- Born: Emmanuel Léon Givaudan 12 January 1875 Caluire-et-Cuire, Rhône, France
- Died: 25 March 1936 (aged 61) Neuilly-sur-Seine, Île-de-France, France
- Occupations: Chemist, entrepreneur
- Known for: Founder of Givaudan
- Spouses: Lillian May Noetzli Maclise; Anne Marie Henriette Eugénie Adèle de Ville;
- Parent(s): Evariste André Givaudan Marie Thérèse Aurore Givaudan
- Relatives: Xavier Givaudan (brother)

= Léon Givaudan =

Léon Givaudan (12 January 1875 – 25 March 1936) was a French chemist and entrepreneur who founded the perfume and flavor company Givaudan. He established the company's operations in Switzerland, where it became a major producer of essential oils and synthetic perfumes.

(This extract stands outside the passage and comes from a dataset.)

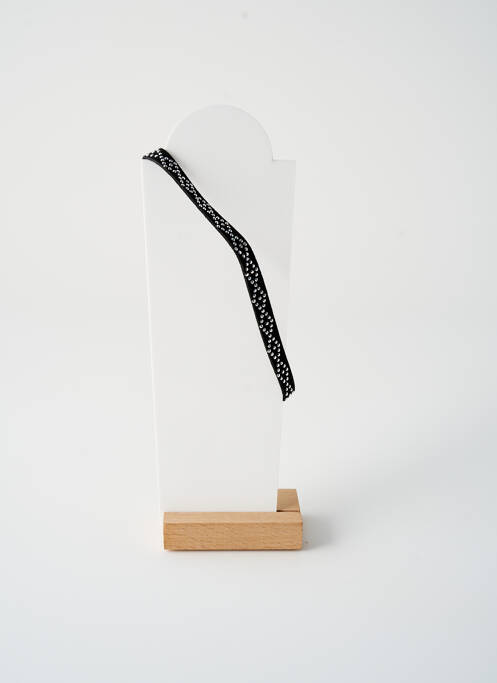 Colier negru TATA GISELE femeie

== Early life and education ==
Léon Givaudan was born on 12 January 1875 in Caluire-et-Cuire, a commune in the Rhône department of France. He was the son of Evariste André Givaudan and Marie Thérèse Aurore Givaudan (née Givaudan), and the brother of Xavier Givaudan. Givaudan studied chemistry in Lyon and Zurich.

== Career ==
From 1895, Givaudan began manufacturing essential oils and synthetic perfumes in a makeshift laboratory in Zurich. In 1898, he leased 6,200 square metres from the city of Geneva. The following year, in 1899, the Givaudan company established itself in Vernier, on the banks of the Rhône, near the Chèvres plant, the first major hydroelectric installation in the region.

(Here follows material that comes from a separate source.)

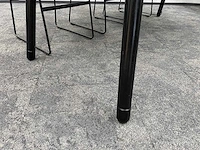 Steelcase/ coalesse - 8 persoons barset - afbeelding 15 van  27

The first products manufactured by Givaudan aimed to achieve maximum olfactory purity. These included benzyl alcohol, cinnamic alcohol, and various acetates. The company focused on producing high-quality chemical compounds for use in perfumery and the cosmetics industry.

In 1914, Givaudan was mobilized into the French Army during World War I. During his military service, he brought his brother Xavier Givaudan to Switzerland to manage the company in his absence. At the end of the war, Léon Givaudan moved to Paris, where he remained for the rest of his life.

== Personal life ==
Givaudan was Catholic and married twice: first to Lillian May Noetzli Maclise, and later to Anne Marie Henriette Eugénie Adèle de Ville.

== Death ==
Léon Givaudan died on 25 March 1936 in Neuilly-sur-Seine, Île-de-France, France.

== Bibliography ==

- Buhart, Laure: «Les flacons de la séduction», in: L'Estampille-L'objet d'art, 263, 1992, pp. 68–75.